The other replies, "Yeah, there is. I'm watching the Ken Burns’ series on jazz and want to find out how it turns out."
The joke - if there is one - is we all know how jazz turned out: the once universally popular music divided and subdivided into factions so that today the word "jazz" is effectively meaningless as a definition. Although the music is still alive, and every historical style is still played somewhere, that's how jazz turned out: a house divided.
The other, and somewhat more subtle part of that cartoon - especially for those who have seen Burns' documentary - is that the 10-episode series doesn't tell you how jazz turned out.
The series, which won an Emmy award, pretty much leaves its subject in the early Sixties - the final episode hurriedly encompassed 1960 to the present - so around half the history of this music, the most complex part, is barely acknowledged.
And because what precedes that episode is so insightful, lively, thorough and enjoyable, that is a major disappointment.
Jazz doesn't “turn out“.
There are other quibbles too.

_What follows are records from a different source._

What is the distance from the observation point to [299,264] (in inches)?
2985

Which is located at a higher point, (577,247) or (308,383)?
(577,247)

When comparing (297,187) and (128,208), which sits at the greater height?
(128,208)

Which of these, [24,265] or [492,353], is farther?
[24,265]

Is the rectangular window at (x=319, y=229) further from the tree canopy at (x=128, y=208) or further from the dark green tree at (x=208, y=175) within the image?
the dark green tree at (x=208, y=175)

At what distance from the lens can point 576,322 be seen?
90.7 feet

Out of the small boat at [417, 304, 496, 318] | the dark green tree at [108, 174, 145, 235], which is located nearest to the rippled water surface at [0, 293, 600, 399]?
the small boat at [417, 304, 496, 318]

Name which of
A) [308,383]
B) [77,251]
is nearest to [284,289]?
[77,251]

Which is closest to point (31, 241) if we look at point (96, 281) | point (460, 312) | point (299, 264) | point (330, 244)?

The series' "senior creative consultant" Wynton Marsalis drove the agenda from his neo-conservative perspective and commands too much screen time; musicians such as Sonny Rollins, Ornette Coleman and Joe Henderson could, and should, have been interviewed; there are startling omissions as well as several musicians who don't get enough attention (Bill Evans, Charles Mingus, Stan Getz, Cecil Taylor are cruelly and unfairly dismissed with no right of reply); and so on.
But in the grand swathe Jazz cuts - and it is grand, and it does cut it - the early music is well represented.

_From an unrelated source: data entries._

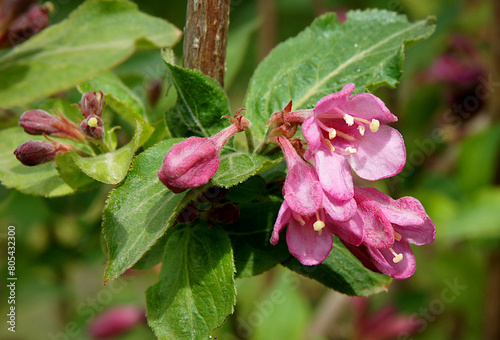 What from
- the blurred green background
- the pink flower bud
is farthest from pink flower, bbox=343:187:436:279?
the pink flower bud

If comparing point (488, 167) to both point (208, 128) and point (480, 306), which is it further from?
point (208, 128)

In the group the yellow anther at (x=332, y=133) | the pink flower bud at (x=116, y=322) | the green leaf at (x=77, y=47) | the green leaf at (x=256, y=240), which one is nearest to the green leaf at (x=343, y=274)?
the green leaf at (x=256, y=240)

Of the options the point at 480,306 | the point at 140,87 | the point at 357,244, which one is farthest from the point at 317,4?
the point at 357,244

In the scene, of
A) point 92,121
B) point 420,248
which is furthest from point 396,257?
point 420,248

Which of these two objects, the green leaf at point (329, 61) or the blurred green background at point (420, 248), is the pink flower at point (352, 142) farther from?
the blurred green background at point (420, 248)

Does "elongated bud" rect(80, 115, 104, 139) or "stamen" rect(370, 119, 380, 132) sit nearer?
"stamen" rect(370, 119, 380, 132)

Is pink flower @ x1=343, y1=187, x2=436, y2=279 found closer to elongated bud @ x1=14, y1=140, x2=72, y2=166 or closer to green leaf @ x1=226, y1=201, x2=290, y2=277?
green leaf @ x1=226, y1=201, x2=290, y2=277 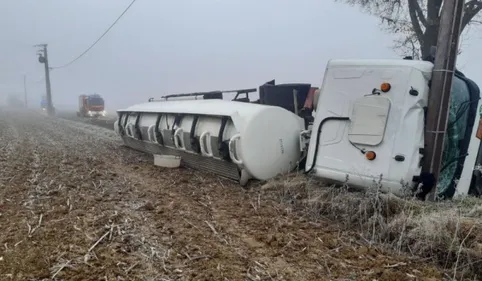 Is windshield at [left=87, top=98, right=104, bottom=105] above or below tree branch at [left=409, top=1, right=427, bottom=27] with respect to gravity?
below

What Burns and his crew did was compile 2400 still photographs, more than 2000 film excerpts, and dozens of interviews to create a sense of what jazz was all about.
And they allowed the music to be placed back into its historical context, which, oddly enough, seemed to make it more relevant than ever.
When Dave Brubeck weeps about seeing, as a child, the wounds on a black worker on his father's farm you feel the past seep directly into the present. At such times, and they are frequent and necessary, Jazz rises beyond being about music into something much more ambitious. It, as with Burns’ similarly conceived film history and meditation on baseball, is about American life.
The complete series is available as four nicely packaged boxed DVDs and, despite its faults, deserves to be in any serious music collection. And anyone interested in the social history of America in the first and formative half of last century should see it.
Race is the context from which this music emerged, and in turn the music reflected social change.
You quickly understand why critic Leonard Feather considered jazz America's classical music. It encompassed every human emotion and aspiration, and artists as towering as Louis Armstrong and Duke Ellington could assimilate all that and send it back into the world in memorable music.
Burns and his team bring to life the stories of these greats. Armstrong is given his due as an innovator and builder of bridges between races and cultures in a world that today seldom sees him as little more than an Uncle Tom who sang Hello Dolly and Wonderful World.
There's the tragic life of the genius Charlie Parker; Ellington as a difficult, emotional, workaholic hero; Brubeck as someone deeper than his audience.
There are many -- too many -- stories of talent squandered, of genius only briefly realised. Here is "the troubled daughter of a Baltimore housemaid whose distinctive singing transcended the limitations of her own voice and routinely transformed mediocre into great art". Her name was Billie Holiday and the final images of her are steeped in sorrow.
Yes, it's a measure of how extraordinary this series is that even after its 17 hours have run their course there is still disappointment at the incompleteness of the project.
But maybe Burns is right, that today jazz is a Tower of Babel from which civilians and their appreciation of this music - and its rich, diverse history - have been frightened off by the clouds of dust from critics.
Burns and his team have blown away the clouds and the critics, and have let the story of the music speak for itself and its songs heard anew.
It is full of engaging personal stories (of sometimes less-than-engaging characters) and of course endlessly inventive music and musicians.
As Time magazine's Jay Cocks said, "Jazz is great television about great music." And on DVD it can get the freeze-frame, rewind and repeat-plays it deserves.
And because this music is alive today, jazz will just carry on. It'll be interesting to see how it turns out.